The following criteria are important aspects for device selection but do not claim to be exhaustive. In maintenance, many processes are manual and require the worker to use both hands. In general, devices, which allow hands-free operation, are better suited for these processes. A higher degree of automation usually requires less human interaction, which makes them less suited for smart device support. In addition, the duration of processes is an important factor. Because humans need time (~200 ms) to react to visual stimuli [26], longer processes, like maintenance (which normally is not bound to strict cycle times), are better suited for smart device applications. The longest process duration is limited to the device’s battery life. Processes which require many and/or very complex steps to perform are better suited for smart device application. The device can provide a detailed explanation and visualization for every step. This is especially useful for processes, which are not performed regularly, like special repair tasks. It is also possible to support workers on how to use the required tools to perform these tasks.
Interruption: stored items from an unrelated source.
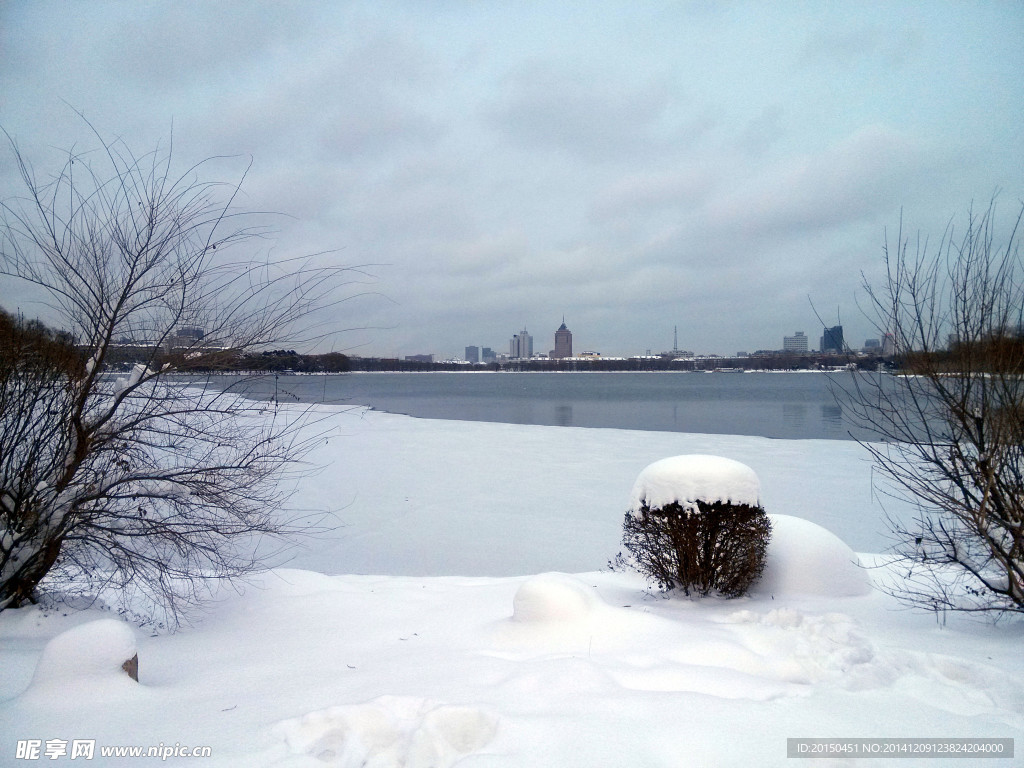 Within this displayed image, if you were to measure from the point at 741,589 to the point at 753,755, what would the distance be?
299 cm

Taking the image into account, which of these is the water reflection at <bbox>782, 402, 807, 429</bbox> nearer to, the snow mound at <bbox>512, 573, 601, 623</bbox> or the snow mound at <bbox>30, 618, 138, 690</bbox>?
the snow mound at <bbox>512, 573, 601, 623</bbox>

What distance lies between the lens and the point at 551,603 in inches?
178

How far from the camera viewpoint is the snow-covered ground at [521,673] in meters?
2.90

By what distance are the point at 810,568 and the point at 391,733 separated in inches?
170

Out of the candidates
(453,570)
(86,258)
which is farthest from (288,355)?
(453,570)

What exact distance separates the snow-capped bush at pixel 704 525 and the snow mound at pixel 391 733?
2880 millimetres

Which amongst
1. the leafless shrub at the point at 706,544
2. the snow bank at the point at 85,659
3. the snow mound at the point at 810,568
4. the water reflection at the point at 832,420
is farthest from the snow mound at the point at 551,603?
the water reflection at the point at 832,420

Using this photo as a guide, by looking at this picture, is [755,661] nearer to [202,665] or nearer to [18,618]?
[202,665]

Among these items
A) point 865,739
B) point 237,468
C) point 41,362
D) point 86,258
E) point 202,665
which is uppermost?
point 86,258

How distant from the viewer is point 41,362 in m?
5.07

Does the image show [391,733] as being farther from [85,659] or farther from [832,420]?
[832,420]

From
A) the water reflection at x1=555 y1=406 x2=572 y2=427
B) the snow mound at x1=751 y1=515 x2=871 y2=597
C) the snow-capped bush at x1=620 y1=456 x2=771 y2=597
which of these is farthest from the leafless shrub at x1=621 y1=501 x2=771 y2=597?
the water reflection at x1=555 y1=406 x2=572 y2=427

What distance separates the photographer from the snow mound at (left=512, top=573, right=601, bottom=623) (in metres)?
4.50

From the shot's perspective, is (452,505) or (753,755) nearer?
(753,755) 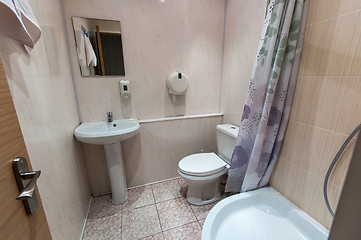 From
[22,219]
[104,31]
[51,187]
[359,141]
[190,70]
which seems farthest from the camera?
[190,70]

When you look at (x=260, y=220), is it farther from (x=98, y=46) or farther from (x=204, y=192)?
(x=98, y=46)

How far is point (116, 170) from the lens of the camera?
1570 millimetres

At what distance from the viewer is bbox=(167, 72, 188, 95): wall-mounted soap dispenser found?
5.54ft

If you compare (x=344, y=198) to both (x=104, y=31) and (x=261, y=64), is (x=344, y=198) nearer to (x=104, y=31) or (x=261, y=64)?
(x=261, y=64)

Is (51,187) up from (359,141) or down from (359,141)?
down

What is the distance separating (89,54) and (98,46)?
0.11 metres

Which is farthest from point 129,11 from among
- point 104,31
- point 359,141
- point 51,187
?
point 359,141

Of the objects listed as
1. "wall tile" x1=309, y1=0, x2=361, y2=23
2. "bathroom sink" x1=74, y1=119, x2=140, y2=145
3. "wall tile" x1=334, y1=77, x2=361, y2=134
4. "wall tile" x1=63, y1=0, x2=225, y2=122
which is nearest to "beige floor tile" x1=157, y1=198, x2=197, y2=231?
"bathroom sink" x1=74, y1=119, x2=140, y2=145

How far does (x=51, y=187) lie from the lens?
0.92 meters

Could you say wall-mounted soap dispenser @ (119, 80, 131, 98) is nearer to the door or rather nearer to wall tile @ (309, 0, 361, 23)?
the door

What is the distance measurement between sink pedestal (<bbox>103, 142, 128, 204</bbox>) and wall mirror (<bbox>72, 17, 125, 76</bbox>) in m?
0.75

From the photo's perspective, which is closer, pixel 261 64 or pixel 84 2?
pixel 261 64

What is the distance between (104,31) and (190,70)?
945 millimetres

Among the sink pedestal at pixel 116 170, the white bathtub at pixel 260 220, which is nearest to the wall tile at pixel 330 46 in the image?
the white bathtub at pixel 260 220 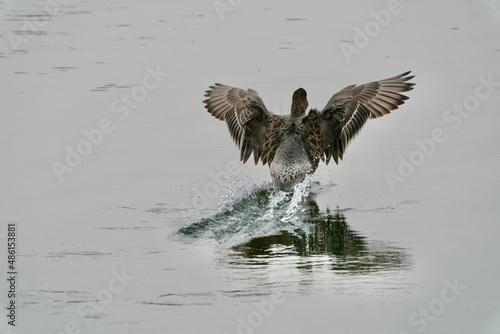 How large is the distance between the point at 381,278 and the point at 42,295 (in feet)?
7.62

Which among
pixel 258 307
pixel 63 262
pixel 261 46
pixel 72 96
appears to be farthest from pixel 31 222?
pixel 261 46

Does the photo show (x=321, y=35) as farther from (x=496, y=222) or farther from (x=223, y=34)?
(x=496, y=222)

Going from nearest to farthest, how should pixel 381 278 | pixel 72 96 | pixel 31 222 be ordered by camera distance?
pixel 381 278
pixel 31 222
pixel 72 96

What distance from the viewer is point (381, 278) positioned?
24.0 ft

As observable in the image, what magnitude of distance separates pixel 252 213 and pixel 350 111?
5.79 ft

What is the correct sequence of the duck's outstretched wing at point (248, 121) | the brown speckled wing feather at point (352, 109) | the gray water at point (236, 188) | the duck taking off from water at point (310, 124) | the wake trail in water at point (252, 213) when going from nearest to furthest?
the gray water at point (236, 188) → the wake trail in water at point (252, 213) → the duck taking off from water at point (310, 124) → the duck's outstretched wing at point (248, 121) → the brown speckled wing feather at point (352, 109)

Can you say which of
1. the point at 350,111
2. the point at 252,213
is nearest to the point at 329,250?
the point at 252,213

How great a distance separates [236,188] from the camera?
30.7ft

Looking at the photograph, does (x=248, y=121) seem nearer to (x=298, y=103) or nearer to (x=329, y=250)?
(x=298, y=103)

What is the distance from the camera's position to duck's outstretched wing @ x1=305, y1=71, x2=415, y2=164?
10.0 m

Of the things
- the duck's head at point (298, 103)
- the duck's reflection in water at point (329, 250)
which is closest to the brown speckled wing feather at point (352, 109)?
the duck's head at point (298, 103)

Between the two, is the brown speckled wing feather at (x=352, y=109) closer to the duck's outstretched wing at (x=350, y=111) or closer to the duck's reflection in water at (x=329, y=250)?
the duck's outstretched wing at (x=350, y=111)

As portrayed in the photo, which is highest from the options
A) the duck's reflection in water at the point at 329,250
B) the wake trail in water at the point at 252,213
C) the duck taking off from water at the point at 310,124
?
the duck taking off from water at the point at 310,124

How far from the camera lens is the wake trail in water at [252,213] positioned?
27.6 ft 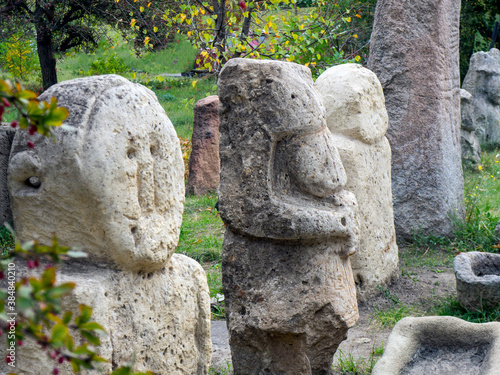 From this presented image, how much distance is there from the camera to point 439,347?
3.31 metres

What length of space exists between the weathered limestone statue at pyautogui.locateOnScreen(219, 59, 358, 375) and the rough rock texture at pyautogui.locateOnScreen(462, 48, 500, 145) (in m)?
8.20

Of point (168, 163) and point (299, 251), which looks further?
point (299, 251)

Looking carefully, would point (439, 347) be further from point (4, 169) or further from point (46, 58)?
point (46, 58)

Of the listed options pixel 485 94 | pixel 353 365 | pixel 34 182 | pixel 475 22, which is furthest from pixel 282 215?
pixel 475 22

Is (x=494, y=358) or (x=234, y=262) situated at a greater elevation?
(x=234, y=262)

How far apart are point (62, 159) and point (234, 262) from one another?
1036mm

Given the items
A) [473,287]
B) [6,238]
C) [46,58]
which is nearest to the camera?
[473,287]

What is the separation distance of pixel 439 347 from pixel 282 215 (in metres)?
1.29

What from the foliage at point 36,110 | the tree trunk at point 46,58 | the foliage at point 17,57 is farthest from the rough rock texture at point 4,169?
the foliage at point 17,57

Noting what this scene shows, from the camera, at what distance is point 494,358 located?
288cm

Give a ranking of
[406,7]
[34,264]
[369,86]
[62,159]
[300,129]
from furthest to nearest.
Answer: [406,7] < [369,86] < [300,129] < [62,159] < [34,264]

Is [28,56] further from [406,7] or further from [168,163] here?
[168,163]

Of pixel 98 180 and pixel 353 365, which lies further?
pixel 353 365

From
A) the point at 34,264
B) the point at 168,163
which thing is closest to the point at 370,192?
the point at 168,163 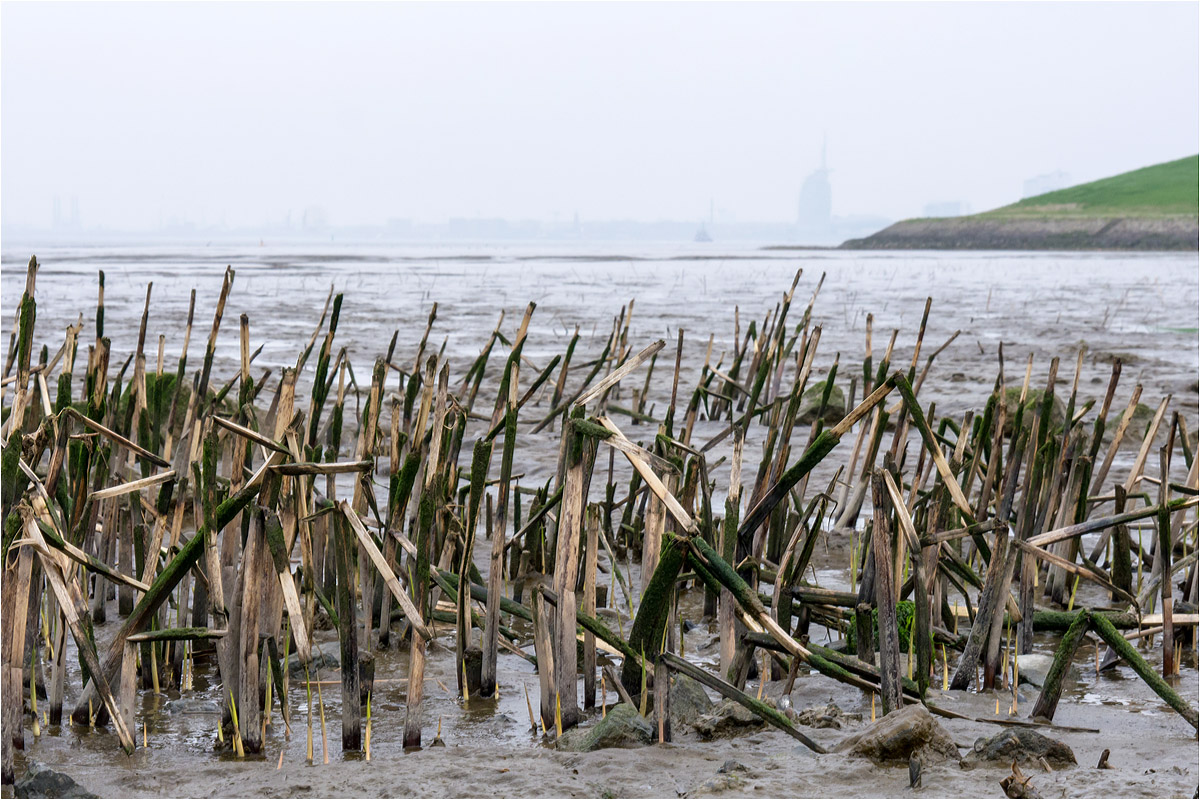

The environment conditions in which the smart devices will be used are an important factor regarding device selection. First, there is temperature, which the manufacturers only guarantee a specific window of operation for the devices to work properly in. The same applies to humidity. This makes some devices unsuitable for rough environment conditions, e.g., maintenance applications in very humid parts of the world. Excessive noise can impede the use of, e.g., voice commands or acoustic feedback, like alarms. When using smart devices, dirt can also have a negative impact, especially for touchscreen usage. The same applies to vibrations. From an organizational perspective, processes with a lot of necessary documentation are better suited for smart device usage. The documentation can be done right on the device, accessing the company’s databases, providing seamless integration. Also, if additional data is required for performing the required tasks, smart devices can easily provide with the information. Therefore, processes with a lot of additionally necessary information are better suited for smart device usage.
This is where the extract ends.